Enfin, le juge lui même a également apporté sa pierre à l’édifice en construction, contrôlant la mise en œuvre de la procédure de retour par les Etats membres en se prononçant notamment sur des aspects procéduraux que l’on pensait réservés à ces derniers.
Tout d’abord dans l’affaire Mahdi (C-146/14 PPU) en date du 5 juin 2014, le juge de l’UE s’est interrogé sur les modalités d’examen de la décision de prolongation de la rétention au-delà de six mois, prise par les autorités nationales en charge de ces questions.
Bien que la directive « retour » autorise dans certaines conditions le prolongement de la durée de la rétention jusqu’à 18 mois, la durée maximale prévue par la directive n’est pas sans conséquence sur la situation personnelle du migrant. C’est pourquoi il était nécessaire que le juge encadre la mise en œuvre de cette prolongation.

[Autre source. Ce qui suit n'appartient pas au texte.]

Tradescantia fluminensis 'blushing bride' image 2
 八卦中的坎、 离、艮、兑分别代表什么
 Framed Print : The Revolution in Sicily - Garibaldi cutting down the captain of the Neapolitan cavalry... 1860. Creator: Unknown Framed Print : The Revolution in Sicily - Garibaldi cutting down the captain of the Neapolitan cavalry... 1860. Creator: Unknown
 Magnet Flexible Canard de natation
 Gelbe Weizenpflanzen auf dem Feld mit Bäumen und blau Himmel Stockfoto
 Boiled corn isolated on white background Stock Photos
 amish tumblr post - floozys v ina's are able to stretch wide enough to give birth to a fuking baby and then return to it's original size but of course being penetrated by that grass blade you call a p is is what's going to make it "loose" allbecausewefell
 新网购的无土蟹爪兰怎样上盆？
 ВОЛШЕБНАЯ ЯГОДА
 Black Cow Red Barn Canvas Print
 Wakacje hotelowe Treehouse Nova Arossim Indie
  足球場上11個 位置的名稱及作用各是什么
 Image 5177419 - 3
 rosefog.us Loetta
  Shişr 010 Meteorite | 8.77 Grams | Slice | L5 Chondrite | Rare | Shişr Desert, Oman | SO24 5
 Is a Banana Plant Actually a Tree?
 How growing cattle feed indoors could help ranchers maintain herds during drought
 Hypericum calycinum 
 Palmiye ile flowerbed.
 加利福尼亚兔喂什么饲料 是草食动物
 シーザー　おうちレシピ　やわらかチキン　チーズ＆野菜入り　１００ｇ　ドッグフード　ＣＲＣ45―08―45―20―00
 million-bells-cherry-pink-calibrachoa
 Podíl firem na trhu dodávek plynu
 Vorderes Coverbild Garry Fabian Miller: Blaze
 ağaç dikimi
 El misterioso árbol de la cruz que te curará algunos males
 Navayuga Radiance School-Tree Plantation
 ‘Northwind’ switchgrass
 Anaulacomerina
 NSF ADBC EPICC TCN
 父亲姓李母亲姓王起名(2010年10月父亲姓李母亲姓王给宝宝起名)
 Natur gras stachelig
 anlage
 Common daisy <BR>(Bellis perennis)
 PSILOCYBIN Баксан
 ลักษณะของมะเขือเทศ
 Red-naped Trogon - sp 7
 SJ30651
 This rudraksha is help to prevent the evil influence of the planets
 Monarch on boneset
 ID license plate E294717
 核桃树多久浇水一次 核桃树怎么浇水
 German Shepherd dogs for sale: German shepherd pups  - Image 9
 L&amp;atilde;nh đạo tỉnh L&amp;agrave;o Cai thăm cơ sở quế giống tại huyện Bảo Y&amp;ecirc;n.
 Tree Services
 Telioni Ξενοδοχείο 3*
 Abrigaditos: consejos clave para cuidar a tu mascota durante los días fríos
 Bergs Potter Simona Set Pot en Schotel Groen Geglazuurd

Avec pédagogie, le juge de l’UE indique aux autorités nationales désirant prolonger la rétention au-delà de six mois de motiver leur choix dans une décision écrite comportant des motifs de fait et de droit, laquelle sera pleinement contrôlée par la juridiction nationale, compétente pour substituer à la rétention une mesure moins coercitive.
De plus, concernant les motifs de prolongation de la rétention au-delà de six mois, le juge de l’UE rappelle avec insistance la nécessité d’un examen au cas par cas des circonstances factuelles de l’affaire en cause, notamment au regard de l’absence de document d’identité ou du manque de coopération de l’intéressé.
Entre efficacité de la procédure et nécessité de respecter les droits des migrants, il sera intéressant de voir où le juge de l’Union placera son curseur, confirmant le rôle central qu’il occupe déjà dans la politique commune d’asile et d’immigration.